I understand that tidymodels' tune tune_grid()method collects out-of-sample-metrics using the metrics parameter. However, how can I also collect in-sample metrics?

I do not only want to collect metrics for predictions, but also assess my models fit on the data it was trained on. This is helpful when assessing whether any model overfits.

Thanks for your help!

This is my first post on this forum, so please be gentle and let me know how I can improve my questioning.

1 Like

You would probably use the extract option in the control function to save the models, then re-predict on the training set. Alternatively, you could add an rsample::apparent() rsplit to the rsample object, but that would bias the metrics that are automatically produced.'

If that sounds like a pain (and it does to me) that due to our avoidance of using these statistics. I can see wanting to get them from demonstration purposes but we don't want to facilitate their use in people's ordinary workflows.

2 Likes

Thanks, @Max! Yes, it does sound like a pain, but a bearable one.

Just out of curiosity: What is the fundamental reason behind not wanting to expose an in-sample validation workflow for tune_grid()? Would one not even consider it good practice to check for overfitting during hyperparameter optimization? Having knowledge of overfitting would enable one to adjust model parameters accordingly, potentially leading to a robust model in a shorter amount of time than if not checking for overfitting.
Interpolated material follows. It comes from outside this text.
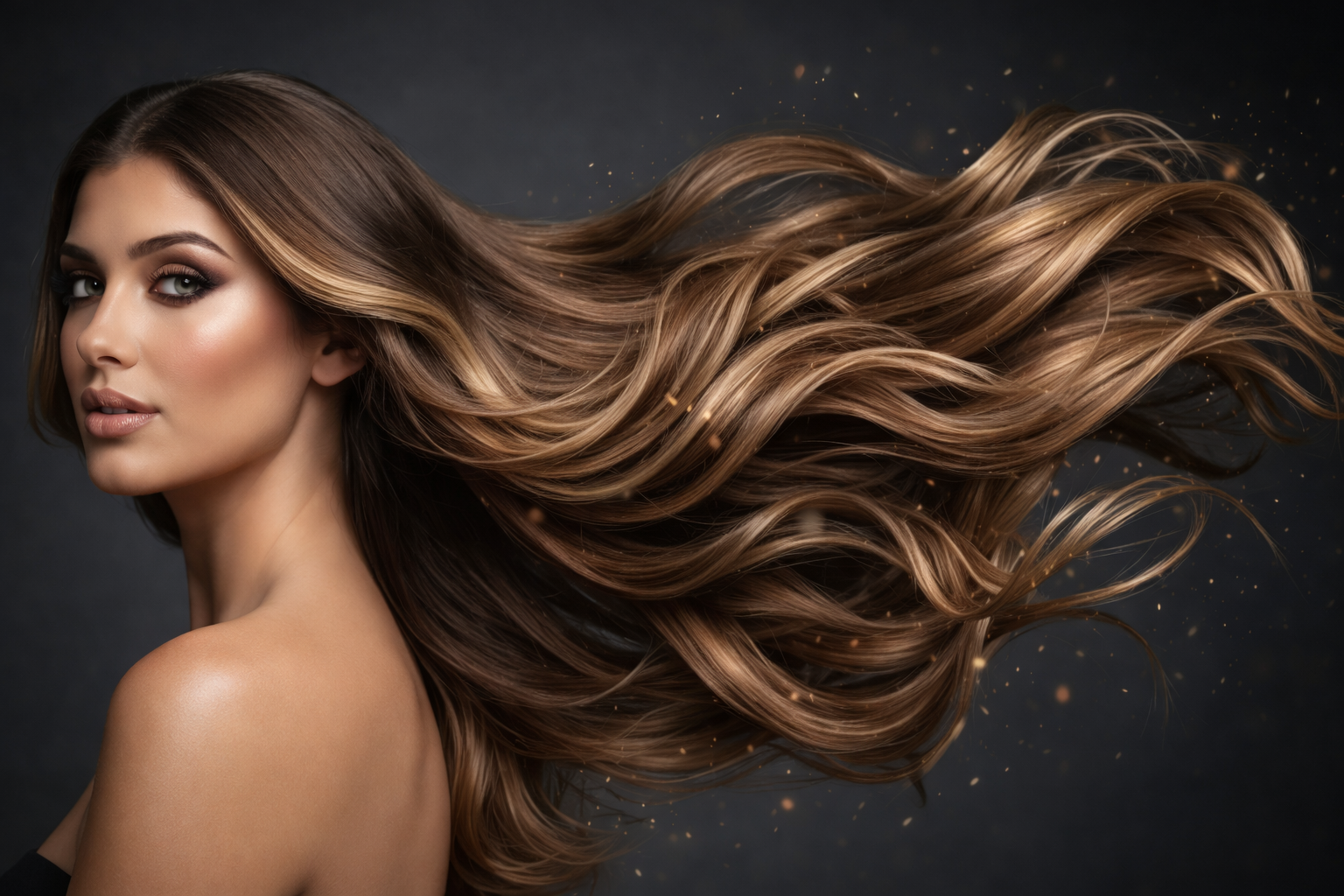 Luxury beauty portrait of woman with long flowing glossy brunette hair for salon homepage hero banner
You check for overfitting with the out-of-sample results. With the in-sample results, you wouldn't know if it were overfitting or was just a really good model.

The in-sample results can be horribly biased and the bias depends on the data and model. They don't have much utility beyond showing that they should not be used.

Thanks! To clarify, I am talking about detecting overfitting by comparing the model's fit on in-sample vs. out-of-sample data – not at looking at the two in isolation. For example, if a model would fit in-sample data really well but would show considerably worse performance for out-of-sample data, that could be a signal of overfitting. It is in that regard that I see value in looking at in-sample predictions.